An earthquake is one of the most pernicious, tenacious, and notorious natural disasters that affects our world today. Earthquakes are caused when stored energy is released from Earth’s crust, creating waves that shake the surface.

If the earthquake takes place where there is water instead of land, a tsunami can form which can lead to catastrophic damages. Although we associate earthquakes with being on a large scale and extremely destructive, there are small earthquakes also. These small earthquakes actually occur constantly around the world.

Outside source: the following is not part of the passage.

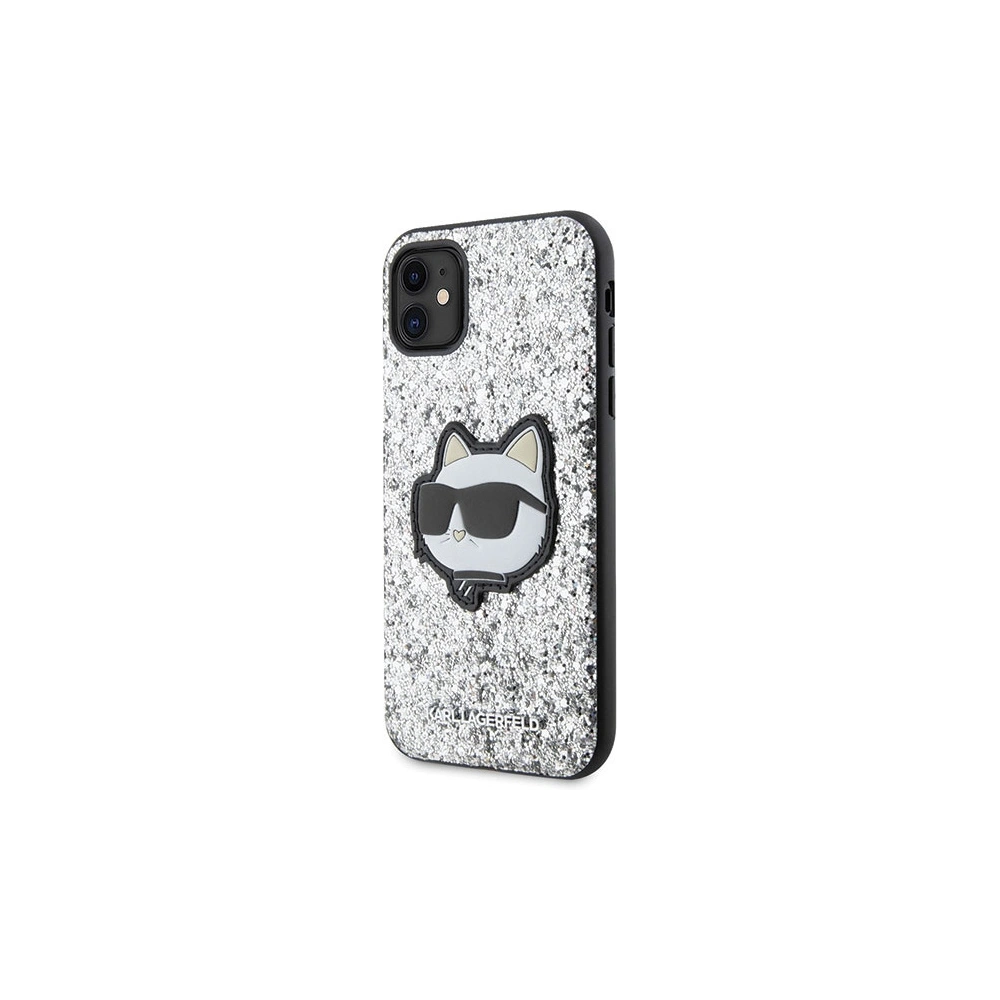 Hurtownia GSM - Etui Karl Lagerfeld KLHCN61G2CPS Apple iPhone 11/XR argintiu/silver hardcase Glitter Choupette Patch - KLD1590 - {ean13} - Hurt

Places such as California and Alaska, are common sites for earthquakes.

Outside the U.S., common places include Chile, Indonesia, Greece, Japan, and New Zealand. Many people are audacious and intrepid enough to live in these areas.

– 2 –


– 3 –

Even after an earthquake strikes, the people living there remain resolute. In ancient times however, earthquakes were viewed as an insidious way for the vindictive gods to punish nefarious and depraved human beings. Today, that malicious punishment theory for the turpitude of the world is no longer as prevalent.

Earthquakes can occur at any moment. They can occur even at the most boring of times when you least expect it. You may be lying in your backyard indolently, but in the next instant an earthquake may strike. It can catch you by surprise, especially if you’re in a lackadaisical mood.

– 4 –

The common pattern in earthquakes has been that the larger the earthquake, the less frequently it occurs; the smaller the earthquake, the more frequently it occurs. Earthquakes are measured on what is called the “Richter Scale,” a scale from 1 to 10 with 10 being the strongest earthquake and 1 being the weakest. Since the year 1900, there have been an average of 18 major earthquakes (7 to 7.9 on the Richter Scale) and one great earthquake (8.0 and above) per year.

– 5 –

Since earthquakes are not preventable, the only thing that assiduous scientists can do is research and develop technology to predict earthquakes. This is a tremendous amount of work and often enervates those involved. Even though the subject matter can be soporific to some, their diligent work helps tremendously and should be appreciated.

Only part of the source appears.